## Exercise instructions
Within the entries below, please retype exactly the lines starting with the line that has "Erkek Yeşil Napa Deri İçi Kürklü Mont&Ceket" and going on through the line that has "Y2k Silver Sweatpants", but not the pictures.

## Records for the task
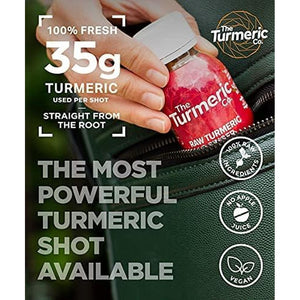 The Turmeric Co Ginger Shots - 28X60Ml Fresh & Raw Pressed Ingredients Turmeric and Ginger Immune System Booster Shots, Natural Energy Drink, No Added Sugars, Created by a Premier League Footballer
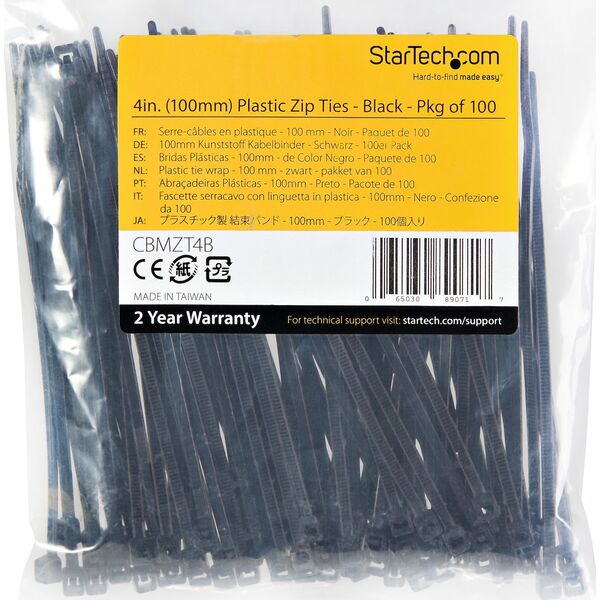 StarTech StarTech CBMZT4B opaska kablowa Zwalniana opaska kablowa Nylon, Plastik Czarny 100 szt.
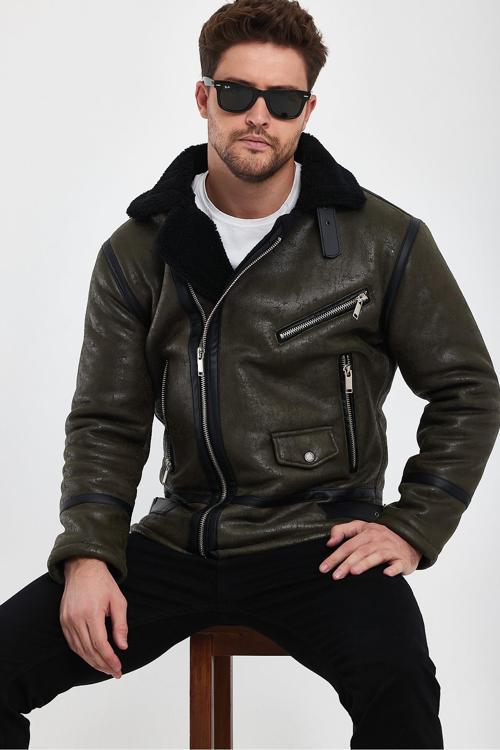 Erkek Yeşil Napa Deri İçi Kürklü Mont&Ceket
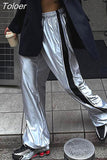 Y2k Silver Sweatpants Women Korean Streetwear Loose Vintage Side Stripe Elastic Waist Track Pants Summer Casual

* * *

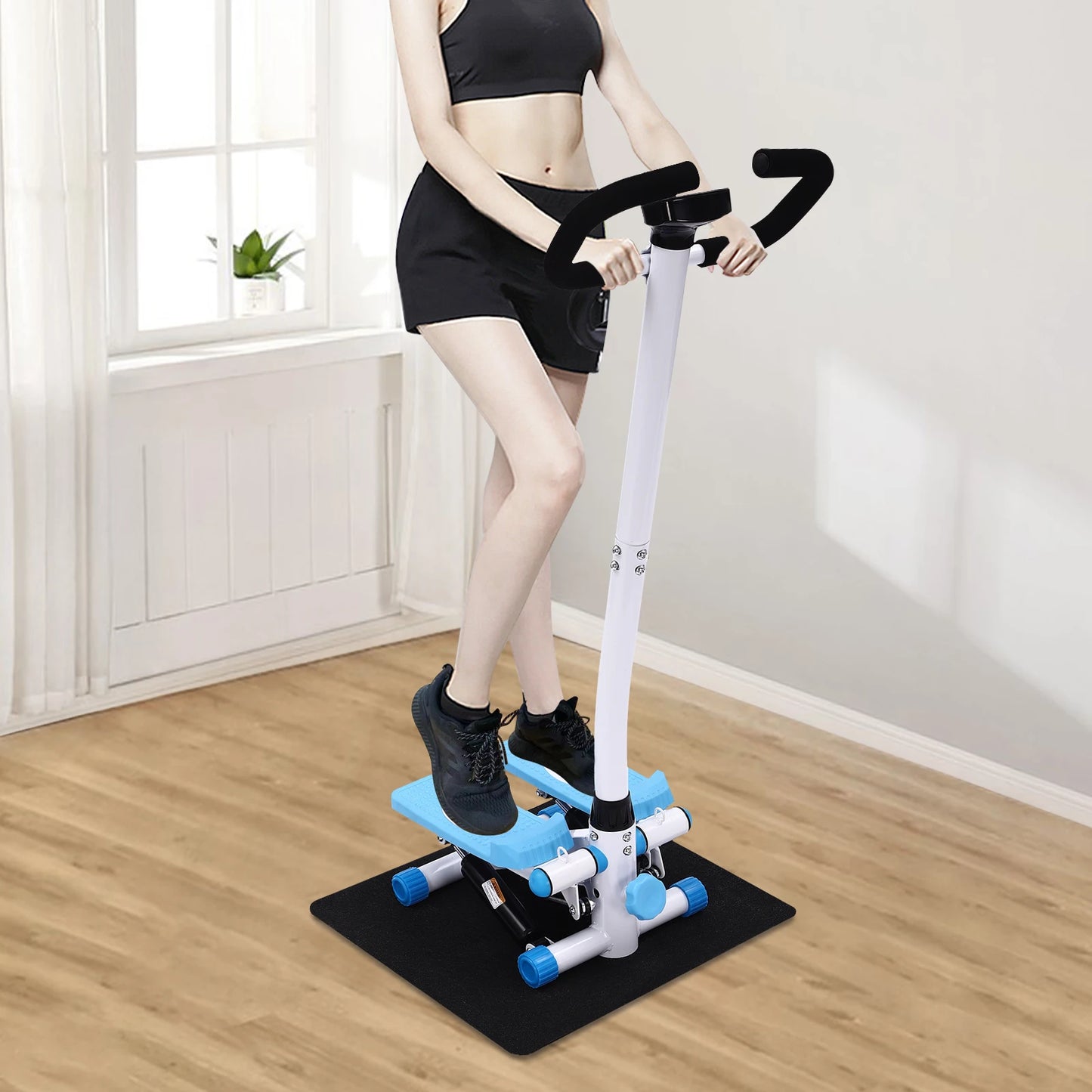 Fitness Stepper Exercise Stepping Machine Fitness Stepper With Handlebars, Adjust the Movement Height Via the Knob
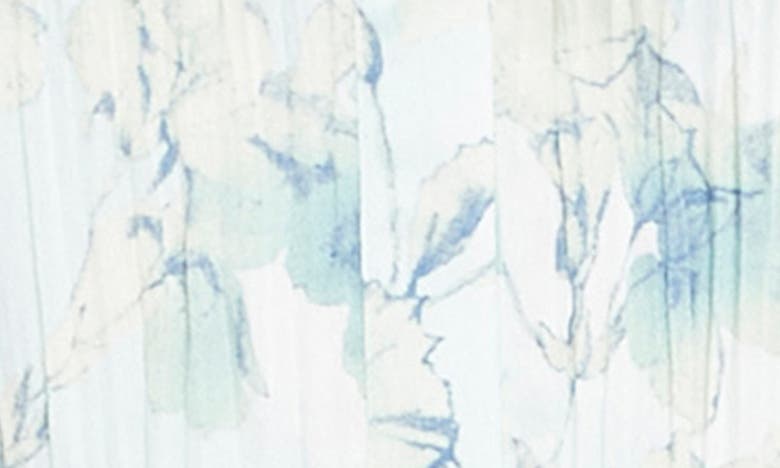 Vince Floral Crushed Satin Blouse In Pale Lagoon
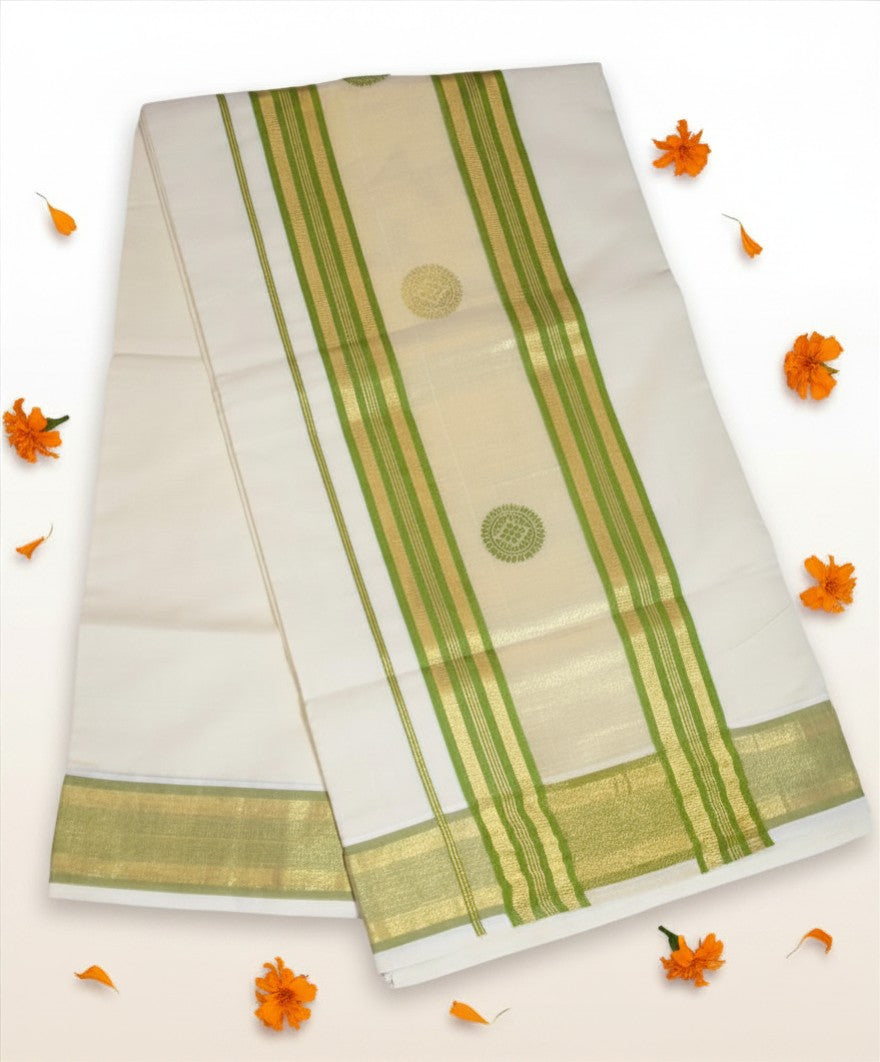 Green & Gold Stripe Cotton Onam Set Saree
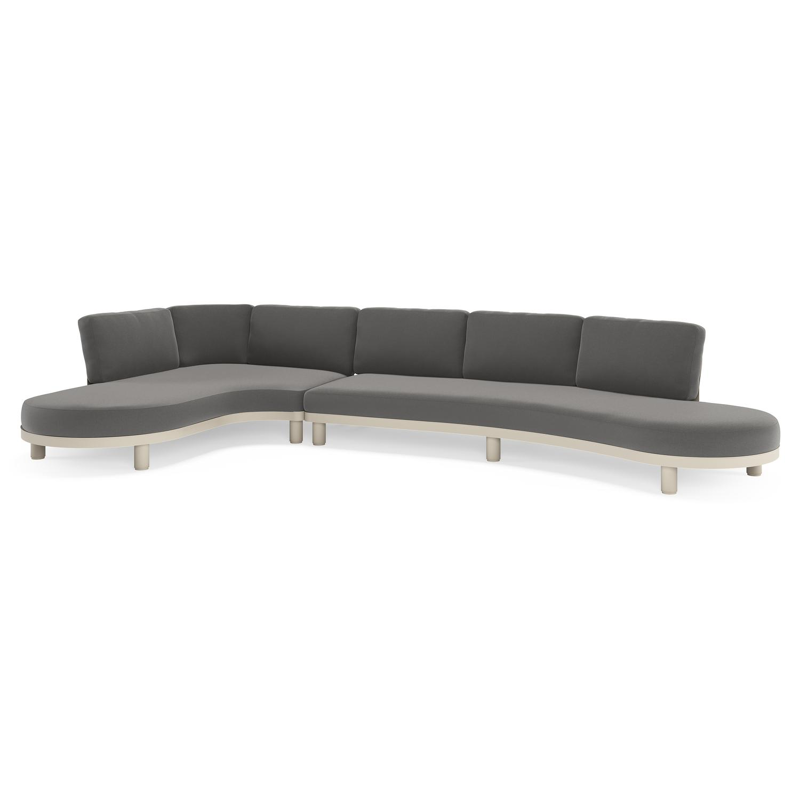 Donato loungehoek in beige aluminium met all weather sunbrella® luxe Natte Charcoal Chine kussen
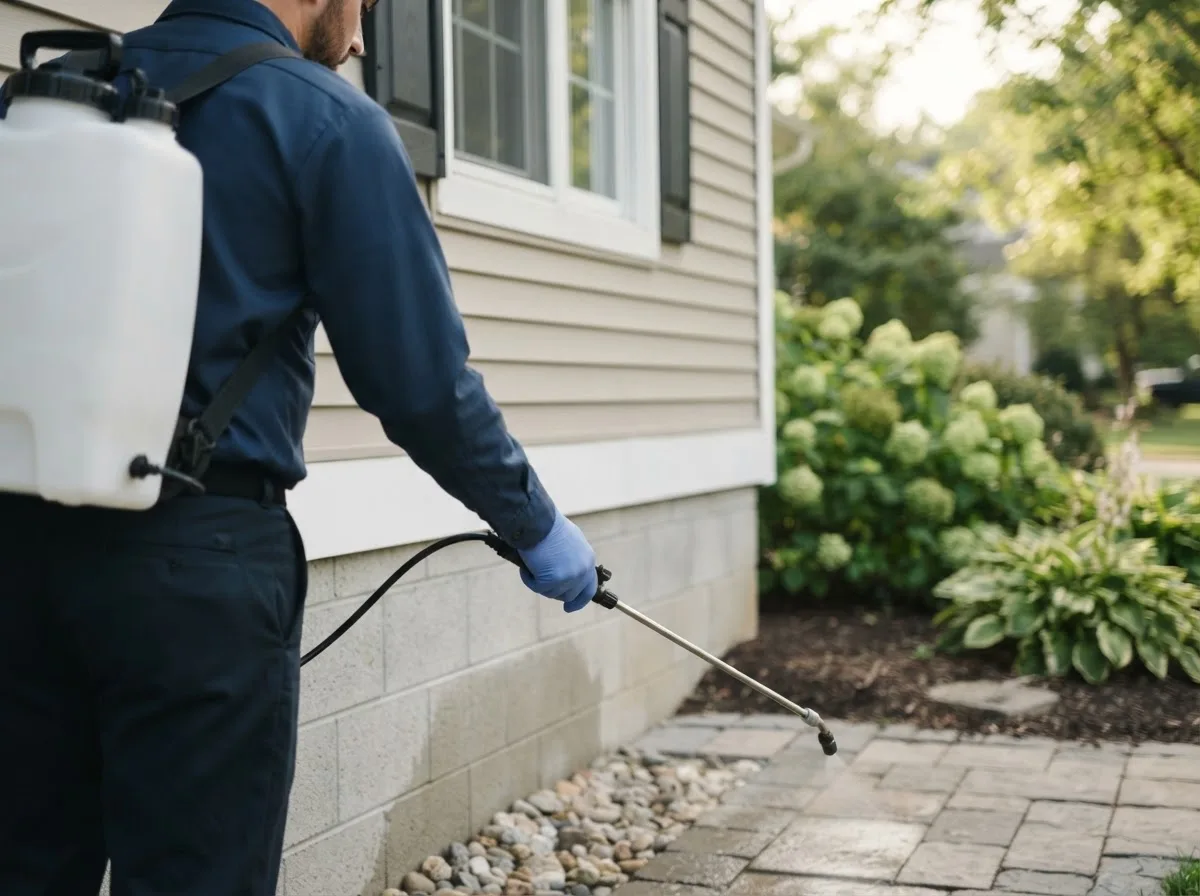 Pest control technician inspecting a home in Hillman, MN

---

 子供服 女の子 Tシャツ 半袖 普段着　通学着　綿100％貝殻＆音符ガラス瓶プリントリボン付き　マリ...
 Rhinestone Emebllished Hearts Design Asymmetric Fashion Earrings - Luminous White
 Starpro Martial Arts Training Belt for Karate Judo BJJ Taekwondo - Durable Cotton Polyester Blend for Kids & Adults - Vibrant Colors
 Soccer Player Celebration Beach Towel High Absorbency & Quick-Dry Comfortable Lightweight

## Result of this task
 Erkek Yeşil Napa Deri İçi Kürklü Mont&Ceket
 Y2k Silver Sweatpants Women Korean Streetwear Loose Vintage Side Stripe Elastic Waist Track Pants Summer Casual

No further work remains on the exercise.